Hi Francesco, For an N-point fft, the usual way to set up the time and frequency arrays of step size dt and df is
dt = 1/Fs; % inverse of sample rate
df = Fs/N; % total span of frequency array is Fs
dt and df are usually thought of in terms of the comments above, and are consistent with
df*dt = 1/N. [1]
This is a fundamental relationship for the fft, and I think it deserves more attention.
For signal y, fft(y) / N gives the correct amplitudes. For simplicity I will use y = exp(2*pi*i*f0*t). Its fft has a single peak of amplitude 1 at f0, compared to sin or cos which have two frequency peaks of amplitude 1/2 at +-f0.
In the first example below (fig 1), N = 1000 and everything works (as with the first version of your code). There are exactly 60 cycles in the time window. df is 1 Hz. The fft has a single peak at 60 Hz, zeroes everywhere else.
Fig 2 shows zerofilling of the time domain signal, with Nfft = 3000. The spacing dt stays the same, but N has changed. From [1], df becomes 1/3 Hz.
For normalization, the fft is divided by 3000.
At least 60 Hz is a multiple of 1/3 Hz, and the expanded view of the fft shows a peak right at 60 Hz, but the amplitude is only 1/3. However, the amplitude is perfectly correct. That's because the wave only covers a third of the new time array, i.e. the duty cycle is 1/3. That’s not so bad, but there are other problems. Since the wave is cut off, you don't have a continuous periodic wave anymore. So there are contributions at a lot of frequencies other than 60 Hz as shown.

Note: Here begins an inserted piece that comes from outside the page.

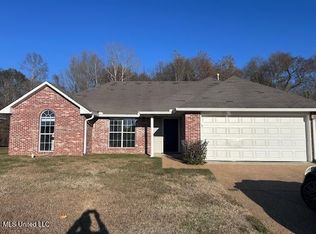 1136 Bullrun Dr, Byram, MS 39272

Sometimes to get out of this, people divide by the original N rather than the new N. That gets the amplitude back up to 1, but does nothing about the nonzero amplitudes at other frequencies. It's a bit of a con job.
The last example in Fig. 3 is the highly regarded nextpow2 method, with Nfft = 1024. Now there are all the same problems as before, but from [1] the new df is 1/(Nfft*dt) = 1000/1024 = .9765625 Hz. There is no way that 60 Hz is a multiple of that, and that frequency array can't even represent the peak correctly. You could reverse engineer things to find the factor needed to make the largest subpeak equal to 1, but the result is meaningless.
So why zerofill to 1024? Supposedly it's all worthwhile because of the big speed advantage, but in my opinion any speed advantage is highly oversold. I think that in many many situations the speed gained is minuscule and unnecessary, and the disadvantages of nextpow2 are evident.
I ran each version of your code (except plotting) 50k times in a for loop with tic and toc. The first version took 7 seconds, about 140 microsec each. If it’s that fast anyway, how much useful time will you save by using nextpow2? It’s still worthwhile, though, to see how much you improve on the time. Running the nextpow2 version 50k times takes 8.7 seconds. The fast version is actually slower. And that’s not atypical of what can happen in the real world. Evidently the added complication costs more than it gains.
Sometimes one might need to zerofill to make sample lengths match up, or to avoid having N be a large prime number since the fft is slow in that case. And if the frequency grid is dense enough and the signal is somewhat of a mess anyway, then sometimes a bit of zerofilling doesn’t make much difference. But I do not understand why people overuse it as much as they do.
N = 1000;
dt = .001;
t = (0:N-1)*dt; % time span 1 sec
df = 1/(N*dt); % df = 1 Hz
f = (0:N-1)*df; % freq span 1 kHz
f0 = 60;
y = exp(2*pi*i*f0*t);
figure(1)
subplot(2,1,1)
plot(t,real(y))
z = fft(y)/N;
subplot(2,1,2)
plot(f,abs(z),'o')
% zerofill cases
Nfftval = [nan 3000 1024];
for k = 2:3
Nfft = Nfftval(k);
t = (0:Nfft-1)*dt; % longer time span
df = 1/(Nfft*dt)
f = (0:Nfft-1)*df;
y = exp(2*pi*i*f0*t);
y(1001:end) = 0; % zerofill remaining signal
figure(k)
subplot(2,1,1)
plot(t,real(y))
z = fft(y)/Nfft;
subplot(2,1,2)
plot(f,abs(z),'o')
xlim([40 80])
end